Overall Winner Declaration

Winner

In the Numbers Freaks Corner, the DUALTRON Dolphin scores 4 points against the INMOTION S1F's 7. In the Author's Category Battle, the DUALTRON Dolphin gets 27 ✅ versus 23 ✅ for INMOTION S1F (with a few ties sprinkled in).

Totals: DUALTRON Dolphin scores 31, INMOTION S1F scores 30.
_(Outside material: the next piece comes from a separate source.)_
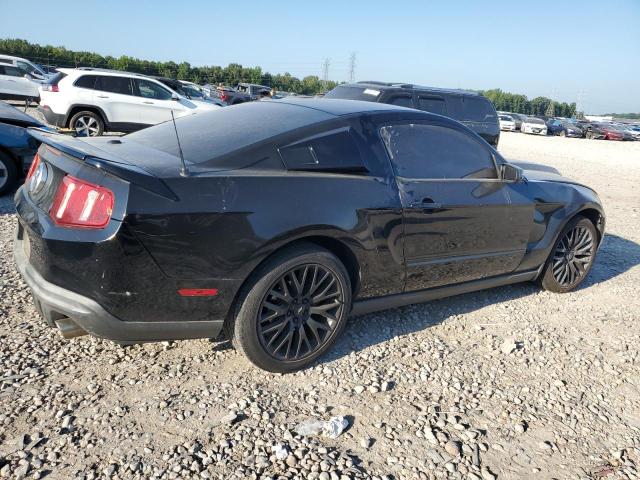 1ZVBP8AN7A5106606 - 2010 FORD MUSTANG BLACK photo 3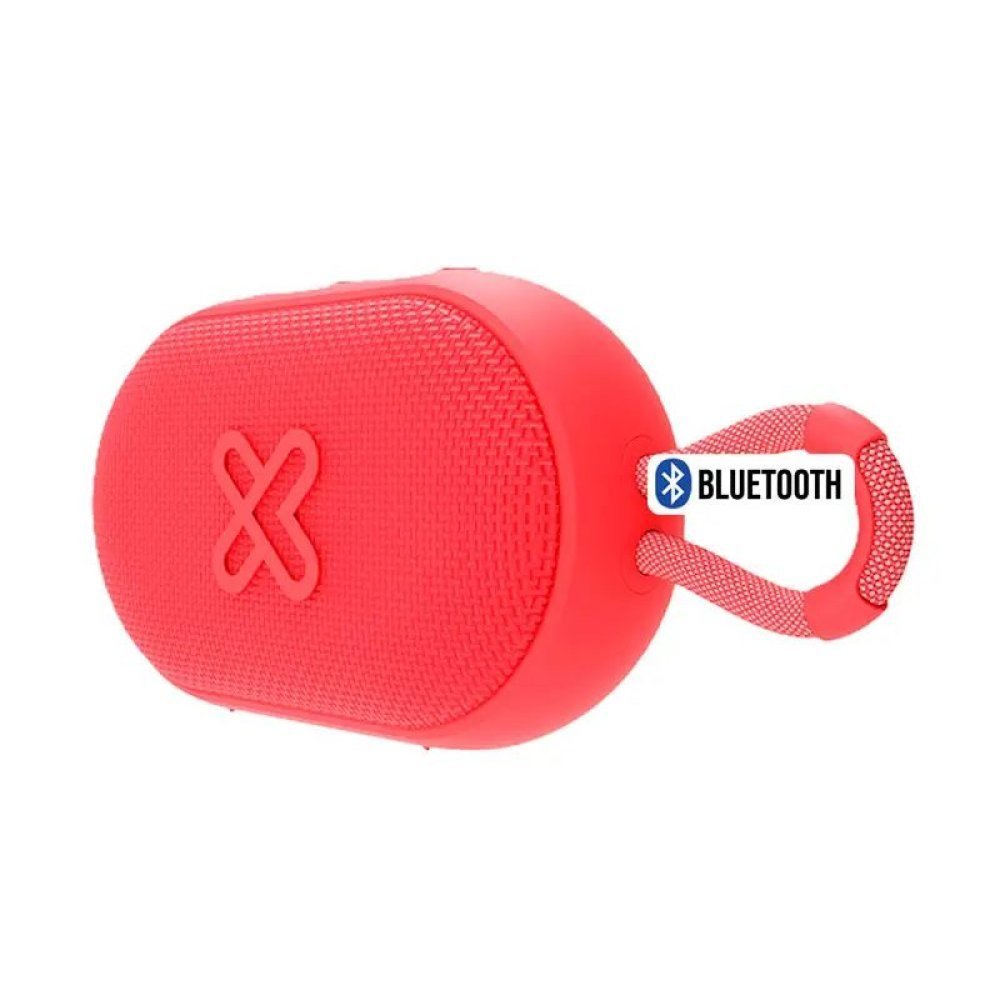 Klip Xtreme KBS-030RD - Speaker - Bright red - TWS - 12Hrs -IPX7 - Imagen 2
Based on the scoring, the DUALTRON Dolphin is our overall winner. In daily use, the Dualtron Dolphin simply feels like the more complete city companion: it's strong where it matters, rarely gets in your way, and quietly delivers that reassuring "this will just work" feeling every morning. The InMotion S1F impresses hugely on paper and on long rides, but unless you truly need its marathon legs, you're living with a lot of scooter for gains you may only occasionally use. If my own money were on the line for a real-world mixed urban life, I'd ride home on the Dolphin. The S1F is a fantastic distance machine, but the Dolphin is the one that slots into your routine and keeps rewarding you with every uncomplicated, confident trip.

That's our verdict when we try to stay objective – but hey, riding is mostly about emotions anyway, so pick the one that will make you look forward to your commute every single day.